# UA Neve 1081 v 1073 v 31102 Opinions ?



## Dryden.Chambers (Dec 30, 2014)

Curious to see if some of the great sets of ears on v.i. may have opinions on the differences between the UA 1081, 1073, and 31102 ? Cheers, Happy New Year.


----------



## wst3 (Dec 30, 2014)

well I think they are different... and probably one or the other lends itself to certain applications.

I don't use either one very often for sample libraries, but I do use both of them a lot for processing live tracks. And if I had to pick only one... geez, I don't know!


----------



## guydoingmusic (Dec 30, 2014)

For me.. 1073. But they are all great. 1073 hardware is very universal. I love to record through it on a variety of instruments. 

Having said that.. I also own a UA 2-610 pre. And I absolutely LOVE the software version. Worth a try.


----------



## ThomasL (Dec 30, 2014)

For me, the 1081 hands down. It does something in the mids/lower mids that no other EQ I have does. I feel you can really ADD stuff with it, instead of just subtracting. And the top end is really good as well 

Demo them!


----------



## Dietz (Dec 31, 2014)

Back in the days I worked a lot on VR- and VX-consoles, and a little bit on an 88R, too. The UAD version of the 88R-channel always gives me the same cozy feeling of "controlled beauty" like the analogue original. 

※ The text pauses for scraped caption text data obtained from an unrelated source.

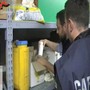 Traffico di farmaci dopanti, perquisizioni del Nas in 40 province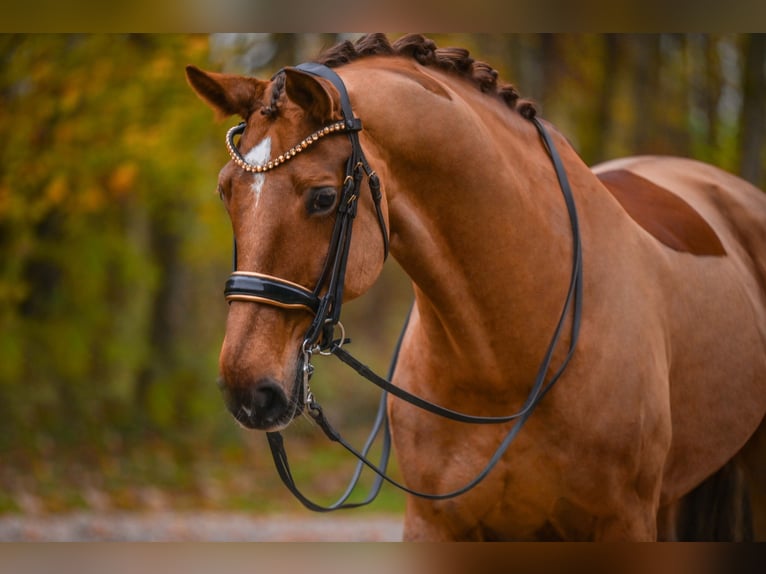 Hannoveriano Caballo castrado 10 años 174 cm Alazán-tostado in Wehringen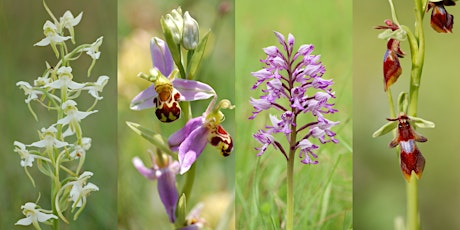 Hauptbild für Orchid Hunting in the Chiltern Hills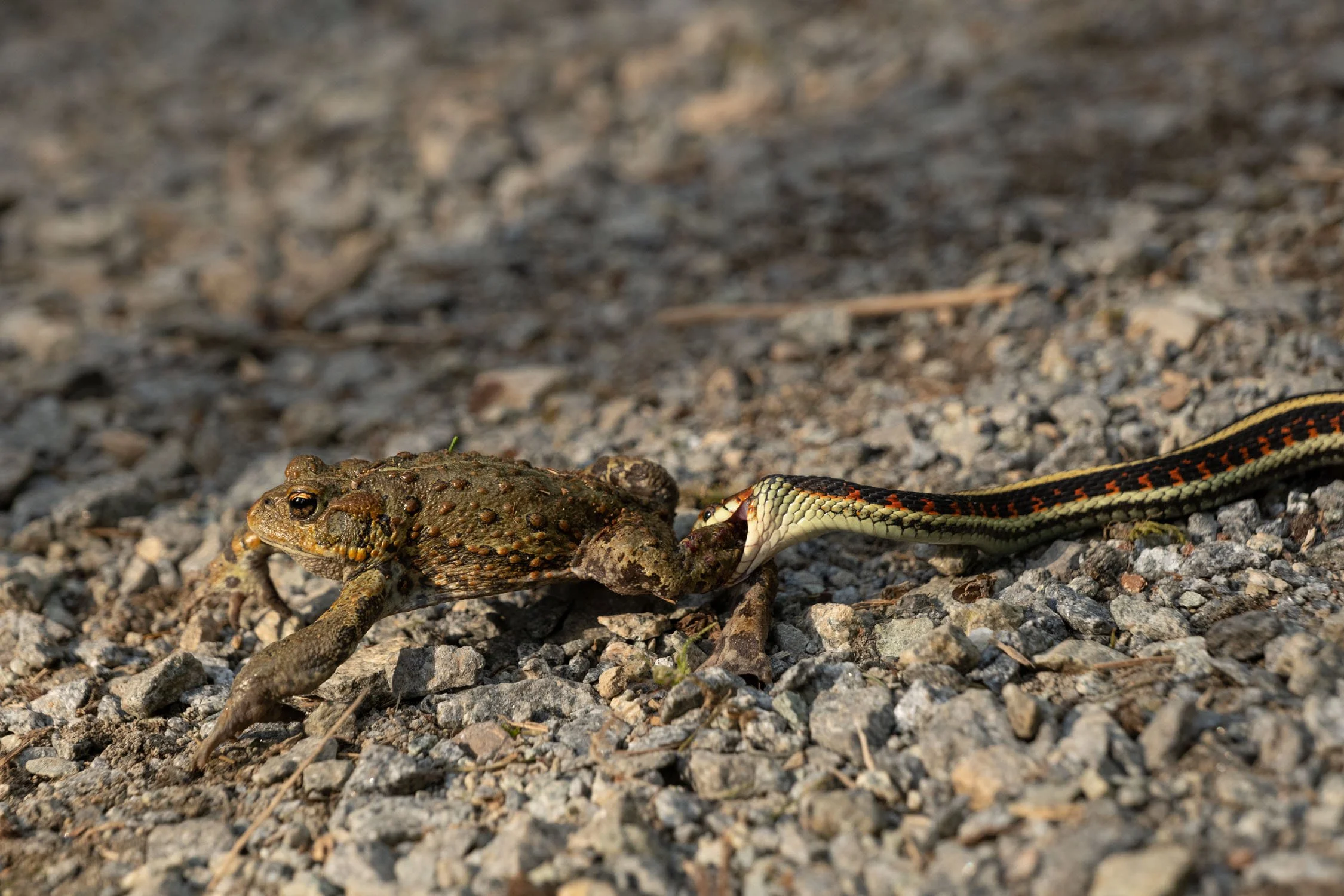 PelleGustavs-Toad1.jpg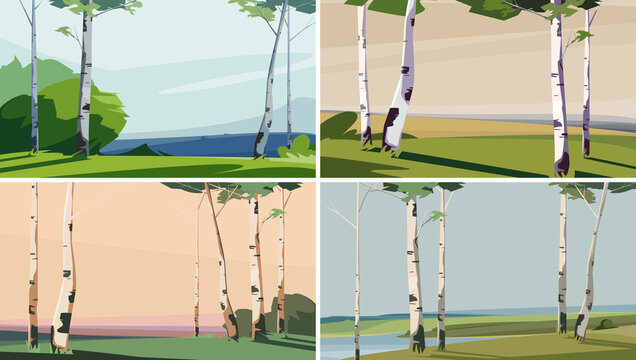 Collection of landscapes with birches. Beautiful natural sceneries.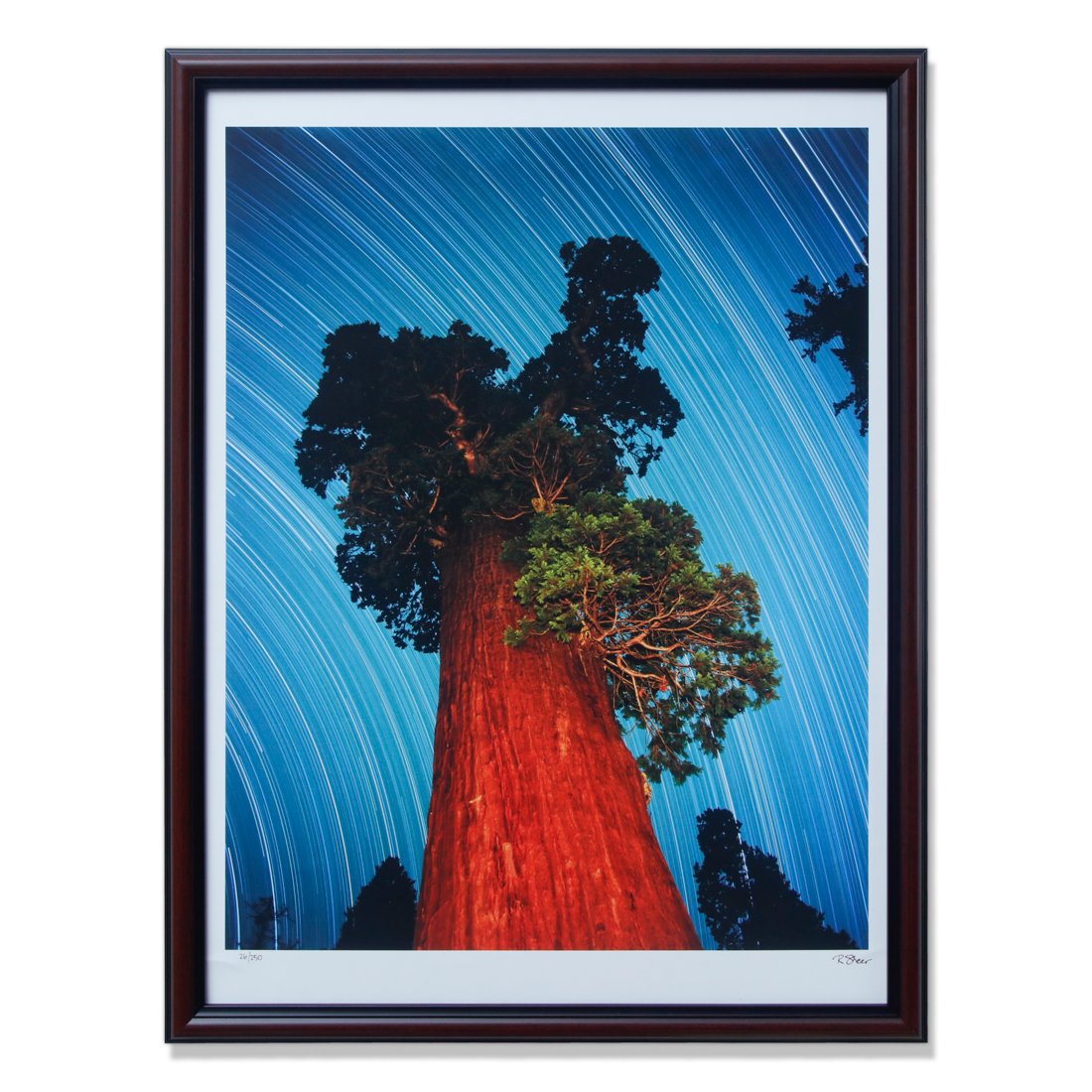 Robert Sheer "General Grant Giant Sequoia" Signed Limited Edition 26/250 (1 of 6)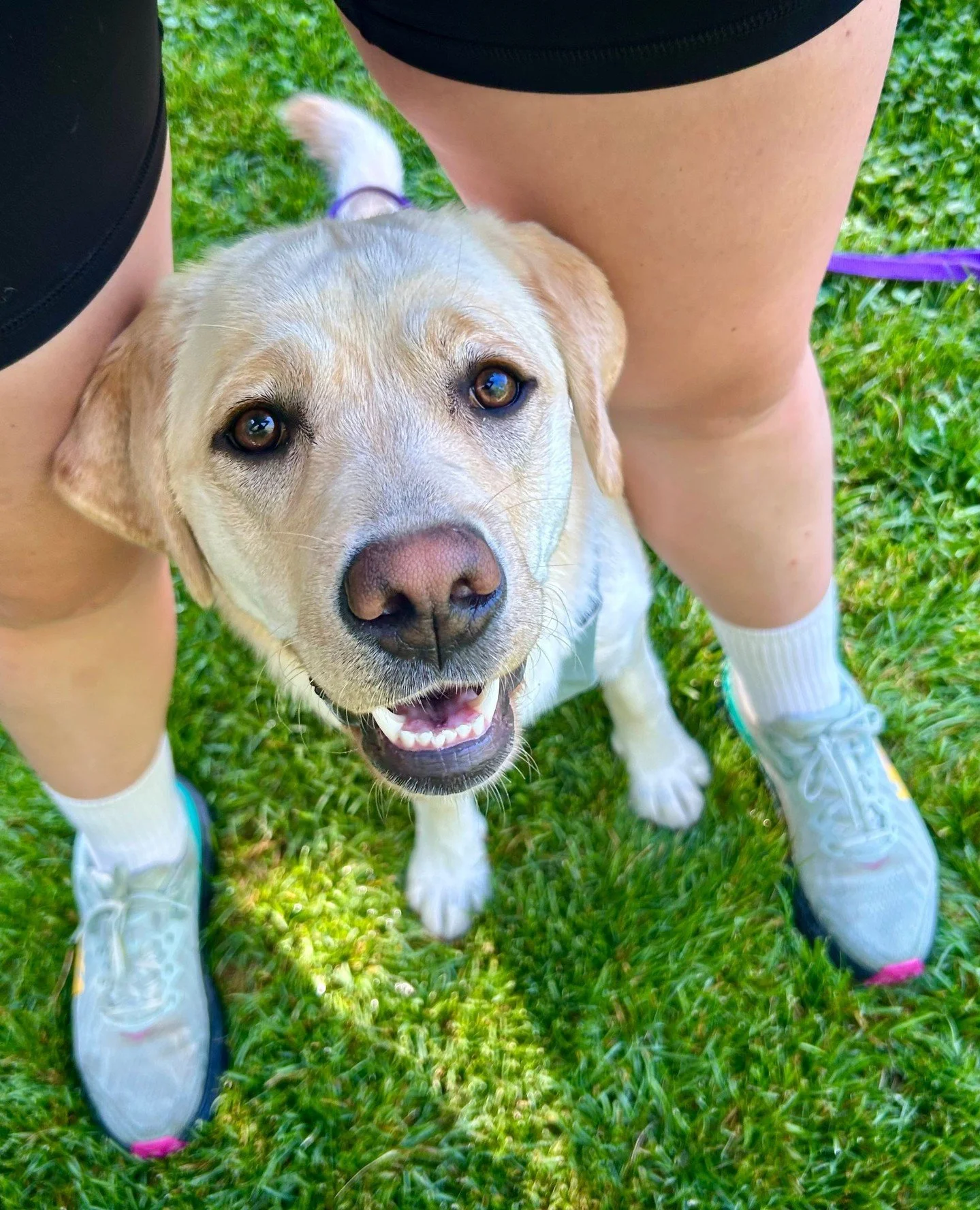 The last Parallel Walks of the season 🥲⁠
⁠
🐾 Thursday September 11th, 18th &amp; 25th ⁠
🐾 Thursday October 9th ⁠
⁠
These walks have been a highlight for me this spring &amp; summer!⁠
⁠
Kudos to all the amazing dog parents who've been showing up, p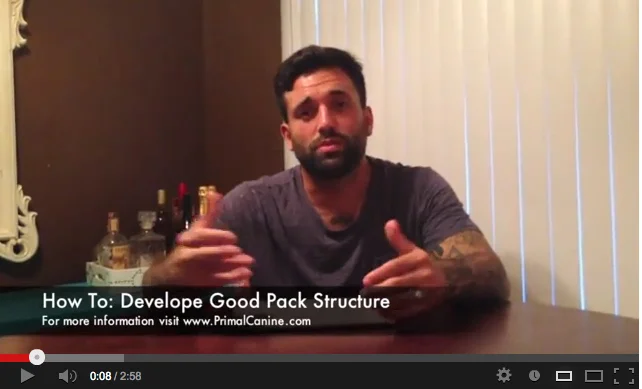 How To: Build Proper Pack Structure [Basic Tips]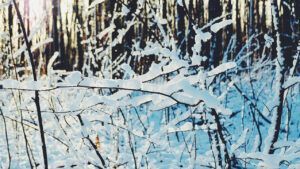 Погода на 26 грудня 2025 року в Україні та Києві – прогноз погоди на п'ятницю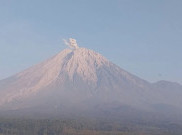 Gunung Semeru Kembali Erupsi Hari Ini, Tinggi Kolom Letusan 800 Meter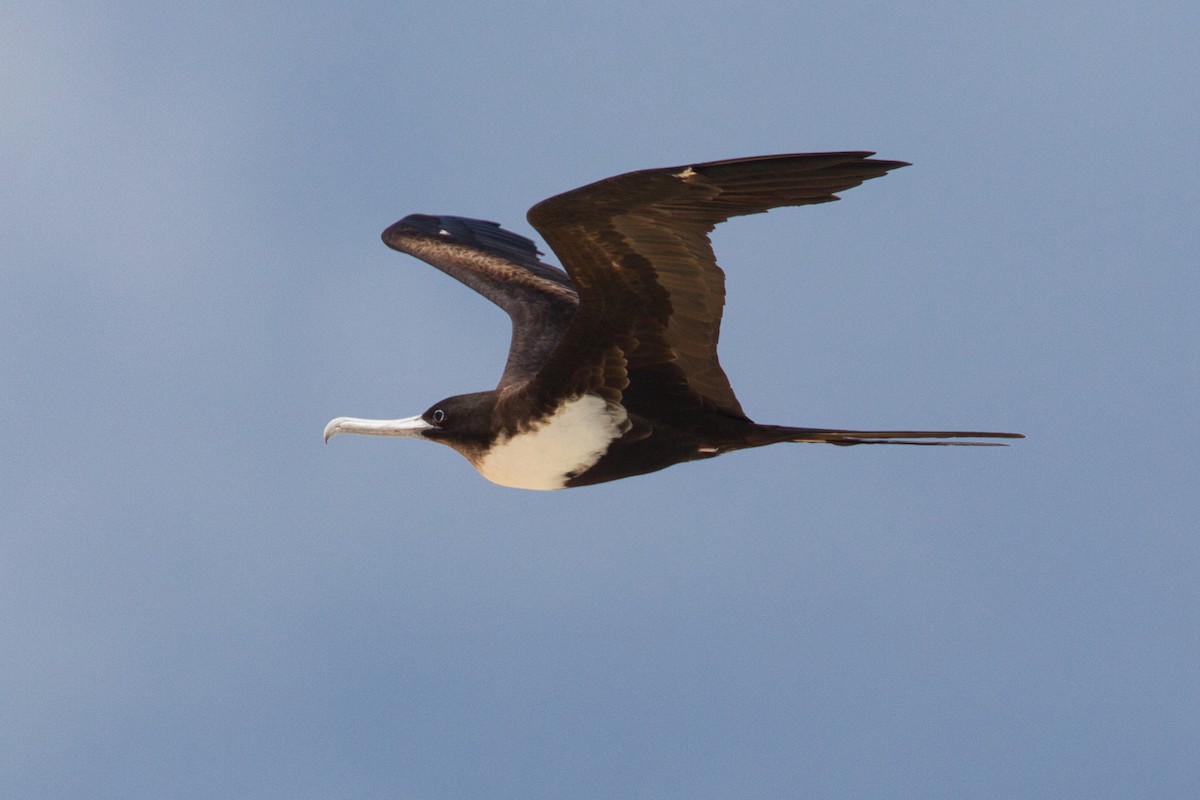 Great Frigatebird - ML642140698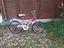Immagine 1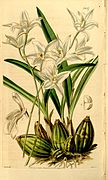 Laelia albida - Curtis' 68 (N.S. 15) pl. 3957 (1842).jpg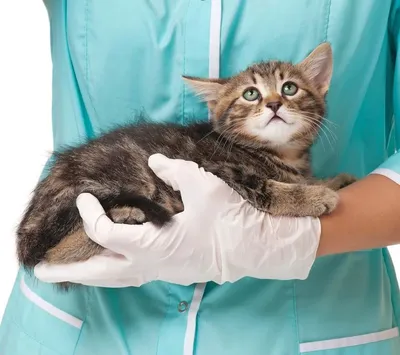 Лечение глаз у кошек недорого в Брянске, цены на услуги ветклиники |  «Ветеринар 24»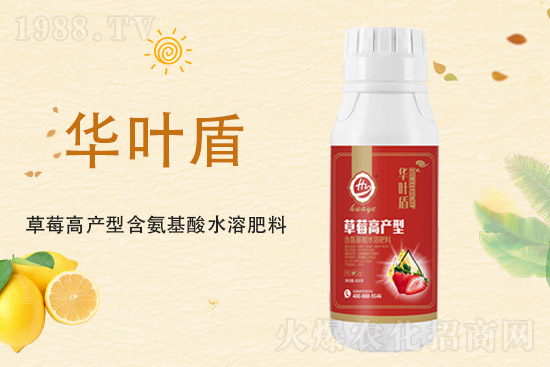 ���؃r���q��2021��9��18�����؃r�������߄�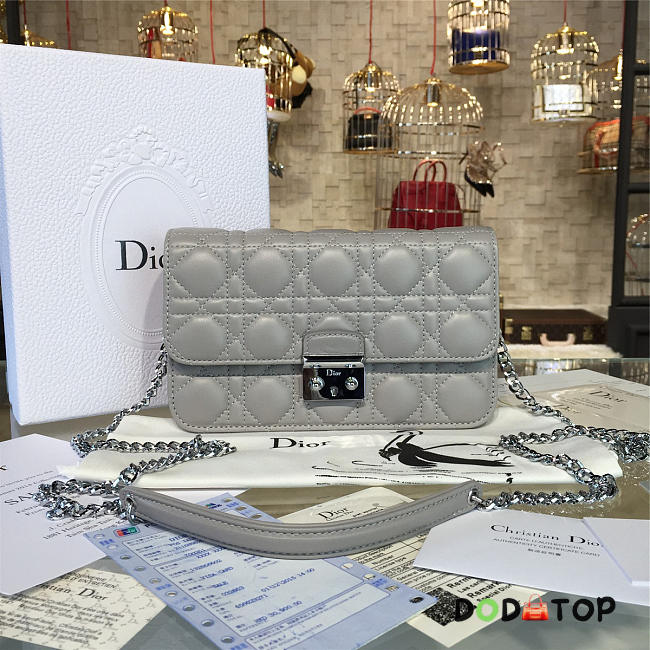 Fancybags Dior WOC 1681 - 1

The two older models are nice, but for me those "brushes are too broad" under most circumstances.


----------



## Dryden.Chambers (Dec 31, 2014)

Cheers guys for some feedback.

Thomas, would you continue to use Britson for channel console emulation, and something like UA 1081 ( & Trident, API, Harrison for ie), for more personality, smoothness, and surgical EQ'ing ?


----------